The executive order also asked the Federal Communications Commission to write regulations that would remove protections for companies that “censored” speech online. Although the order didn’t technically affect CDA 230, and was later revoked by President Biden, it resulted in increased attention on this archaic legislation.

LONE SUPPORTERS

Support for the law has not completely vanished, however. As expected, many social media giants support leaving CDA 230 untouched. The Internet Association, an industry group representing some of the largest tech companies like Google, Facebook, Amazon, and Microsoft, recently announced that the “best of the internet would disappear” without section 230, warning that it would lead to numerous companies being subject to an array of lawsuits.

In a Senate Judiciary hearing in October 2020, Facebook CEO Mark Zuckerberg and Twitter CEO Jack Dorsey warned that revoking Section 230 could…

“collapse how we communicate on the Internet.”

However, Mark Zuckerberg took a more moderate position as the hearing continued, telling Congress that he thought lawmakers should update the law.

Facebook has taken a more moderate approach by acknowledging that 230 should be updated. This approach is likely in response to public pressure due to increased awareness. Irregardless, it signifies a likely chance that section 23o will be updated in the future, since Facebook represents one of the largest social media companies protected by 230. A complete repeal of this law would create such major impacts, however, that this scenerio seems unlikely to happen. Nevertheless, growing calls for change, and a Democratic controlled Congress points to a likelihood of future revision of the section.

DIFFERING OPINIONS

Although both sides of Washington, and even some social media companies, agree the law should be amended; the two sides differ greatly on how to change the law.

As mentioned before, President Biden has voiced his support for repealing CDA 230 altogether. Alternatively, senior members of his party, like Nancy Pelosi have suggested simply revising or updating the section.

Republican Josh Hawley recently introduced legislation to amend section 230. The proposed legislation would require companies to prove a “duty of good faith,” when moderating their sites, in order to receive section 230 immunity. The legislation included a $5,000 fee for companies that don’t comply with the legislation.

Adding to the confusion of the section 230 debate, many fear the possible implications of repealing or amending the law.

FEAR OF CHANGE

Because CDA 230 has been referred to as “the first amendment of the internet,” many people fear that repealing this section altogether would result in a limitation on free speech online. Although President Biden has voiced his support for this approach, it seems unlikely to happen, as it would result in massive implications.

One major implication of repealing or amending CDA 230 is that it could allow for numerous lawsuits against social media companies. Not only would major social media companies be affected by this, but even smaller companies like Slice, could become the subject of defamation litigation by allowing reviews to be posted on their website. This could lead to an existence of less social media platforms, as some would not be able to afford legal fees. Many fear that these companies would further censor online posts for fear of being sued. This may also result in higher costs for these platforms. In contrast, companies could react by allowing everything, and anything to be posted, which could result in an unwelcome online environment.
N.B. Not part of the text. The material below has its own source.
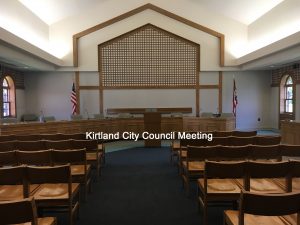 City Council Meeting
This would be in stark contrast to the Congress’s original intent in the creation of the CDA, to protect children from seeing indecent posts on the internet.

FUTURE CHANGE..?

 

Because of the intricacy of the internet, and the archaic nature of CDA 230, there are many differing opinions as to how to successfully fix the problems the section creates. There are also many fears about the consequences of getting rid of the legislation. Are there any revisions you can think of that could successfully deal with the republicans main concern, censorship? Can you think of any solutions for dealing with the democrats concern of limiting the spread of misinformation. Do you think there is any chance that section 230 will be repealed altogether? If the legislation were to be repealed, would new legislation need to be created to replace CDA 230?

 

Can Social Media Be Regulated?

In 1996 Congress passed what is known as Section 230 of the Communications Decency Act (CDA) which provides immunity to website publishers for third-party content posted on their websites. The CDA holds that “No provider or user of an interactive computer service shall be treated as the publisher or speaker of any information provided by another information content provider.” This Act passed in 1996, was created in a different time and era, one that could hardly envision how fast the internet would grow in the coming years. In 1996, social media for instance consisted of a little-known social media website called Bolt, the idea of a global world wide web, was still very much in its infancy. The internet was still largely based on dial-up technology, and the government was looking to expand the reach of the internet. This Act is what laid the foundation for the explosion of Social Media, E-commerce, and a society that has grown tethered to the internet.

The advent of Smart-Phones in the late 2000s, coupled with the CDA, set the stage for a society that is constantly tethered to the internet and has allowed companies like Facebook, Twitter, YouTube, and Amazon to carve out niches within our now globally integrated society.   Facebook alone in the 2nd quarter of 2021 has averaged over 1.9 billion daily users.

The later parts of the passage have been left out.